Eric Meyer 3 years, 1 month ago

Pat is right. There is a lot of misinformation out there. It is not being funded with sales tax dollars. Unless you are staying in short term lodging in Steamboat, you are not paying for any of the proposed projects.


Eric Meyer 3 years, 1 month ago

Martha, If you mean hidden agenda's when you say "business as usual", I have not seen that with the initial Accommodations Tax Committee (ATC) that picked from the almost 40 initial ideas that were submitted or the the newly formed 2A Trails Committee (2A TC). The ATC worked really hard to weight the information they were given and come up with recommendation to Council. The problem comes in when the Council takes hundreds of hours of discussion & fact finding from the committee's they appoint and thinks they they can come up with a better solution in 30 minutes or less of discussion. City Council didn't like the recommendation from the ATC so they essentially asked them to change their decision. When the ATC looked at it again and came up with the same conclusion, Council decided to change it themselves. If there is anything about the process so far that is "business as usual" it was Council changing the recommendation of the ATC. Lets hope the current City Council focuses on the many other issues facing the city and lets the Committee focus on what they were asked to do.


Eric Meyer 3 years, 1 month ago

I have enough faith in the 2A Trails Committee (2A TC), that I saw no reason for the people involved with submitting the proposal (me included) to be on the 2A TC. The meetings are open to the public and I (or anyone else) can attend if they feel there needs to be more oversight. If I think they are going in the wrong direction, I can spend my own personal time to research and compile a fact based argument why they should reconsider. I do not need a vote to influence the 2A TC, just a logical fact based argument. The Steamboat Trails Alliance did that over and over during the long drawn out Accommodations Tax (ATC) process and it was well received by the ATC. I am confident that if you attend a 2A TC meeting that you will see good discussions on why they are making the decisions that they are making. If the 2A TC was made up of those who submitted the ideas that were expanded into the final proposals or the land managers, then there would be a much higher chance of someone having an agenda and it not being one that is aligned with the community as a whole. The trails project has the chance to be a great community project, especially if the City Council works with the 2A TC on projects that have some visitor benefits but are clearly focused more on locals. Those projects are unlikely to be funded 100% by the 2A TC.

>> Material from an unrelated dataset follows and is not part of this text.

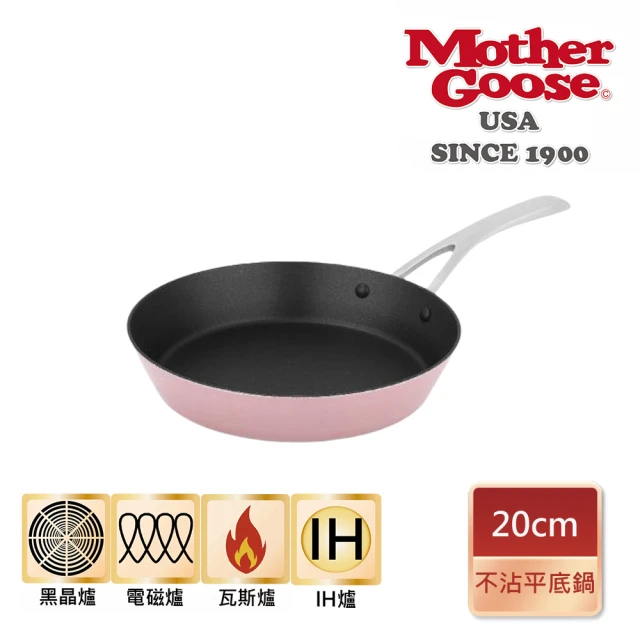 【MotherGoose 鵝媽媽】FancyPan 粉品IH導磁不沾平底鍋20cm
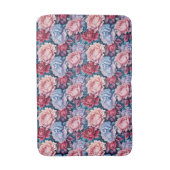 Blume in Blau und Rosa Badematte (Vorderseite Vertikal)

Eric Meyer 3 years, 1 month ago

"Eight out of 10 Coloradans use our trails." Reference 80% of this states residents use trails. In my opinion these are important questions when it comes to considering the Accommodations Tax $$. 1. Who travels to use trails? 2. How can Steamboat Springs best take advantage of the money available to attract those travelers? There are different questions that need to be raised to the City Council and City Staff regarding the use of sales tax dollars and the strong desire for Open Space and Trails in this community.